Their immediate inspiration was the success of a group of films based on the works of Karl May, the nineteenth-century German author of many improbably romanticized tales of the American frontier. These pictures, some of which starred Lex Barker, the onetime Tarzan of American movies, were financed by a German production company, partially shot on location in Yugoslavia and played profitably all over Europe. It seemed to the hustlers of Cinecittà that there was room for more of the same, and in 1963 they produced something like twenty-five low-budget westerns, none of which was widely or immediately exported. They had done well enough in Italy, however, and the producers judged that the home market was still far from saturated. Among those sharing this thought were the managers of the curiously named Jolly Film, who put together a coproduction deal with Constantin, the Munich-based producer of the May films, and Ocean films of Madrid to finance the Leone project.
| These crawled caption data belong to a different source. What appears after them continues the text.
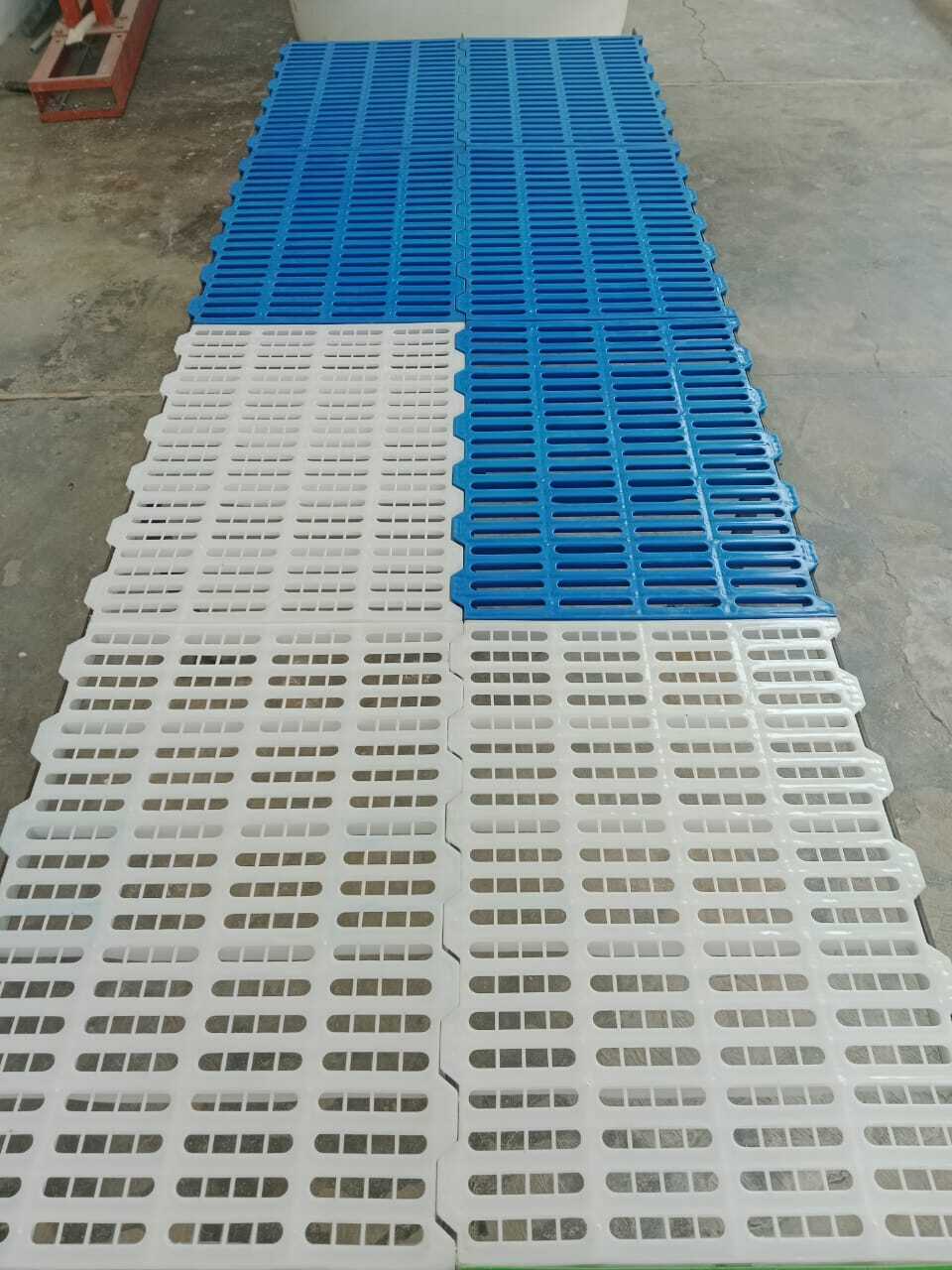 Poultry Slates - Hdpe, 600 Mm Size, 1200 G Weight | Interlocking Slats Design For Waste Management And Easy Maintenance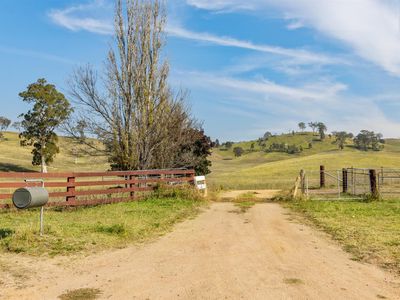 474 Neringla Road, Neringla, Araluen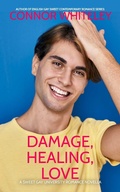 Cover: Damage, Healing, Love: A Sweet Gay University Romance Novella (The English Gay Contemporary Romance Books, #12) - Cgd Publishing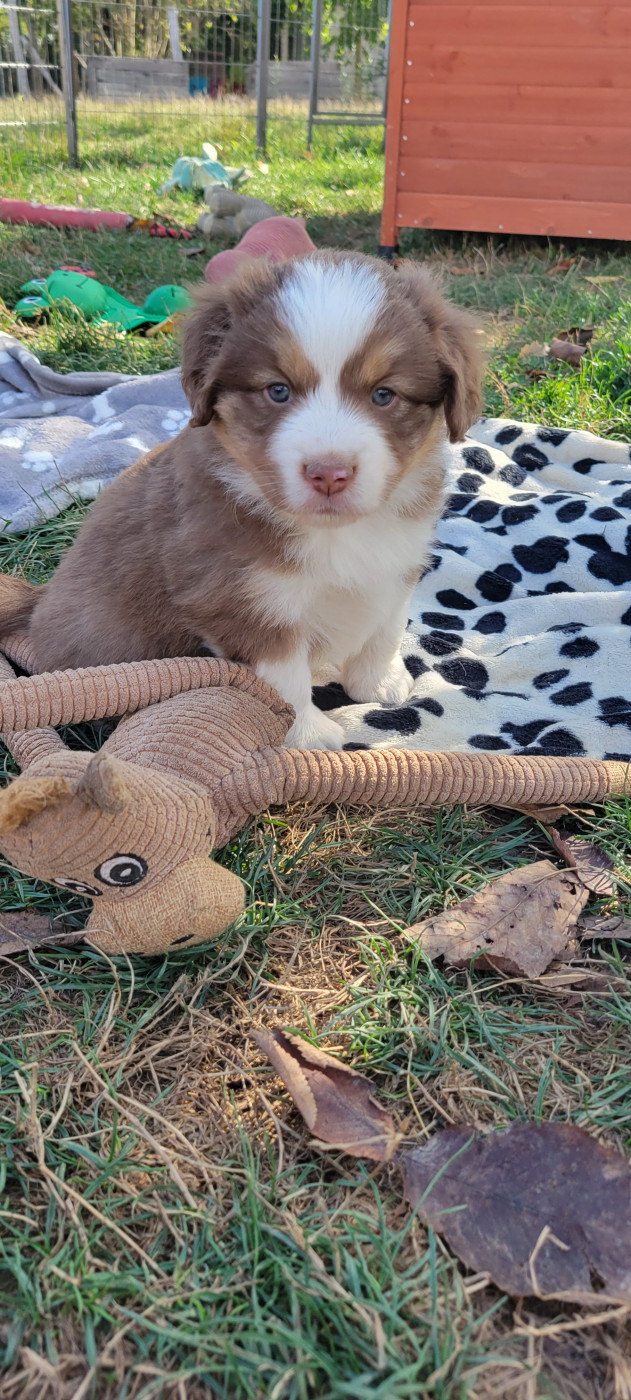 Des Molosses De Timoulys - Chiots disponibles - Berger Américain Miniature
They had unsuccessfully offered The Magnificent Stranger to a number of actors before turning to Clint. He believes one of them to have been Rory Calhoun, who was one of several minor, fading American stars then working steadily in Italy; it was logical, for he had starred in the only previous film credited to Leone, The Colossus of Rhodes. Two men who would work for Leone later, when they were all better known, Charles Bronson and James Coburn, also rejected it. “It was just about the worst script I’d ever seen,” said the former, well after the fact. “I didn’t know who Sergio Leone was, and I’d heard nothing but bad about Italian filmmakers,” said Coburn when subsequently he came to contemplate his error of judgment.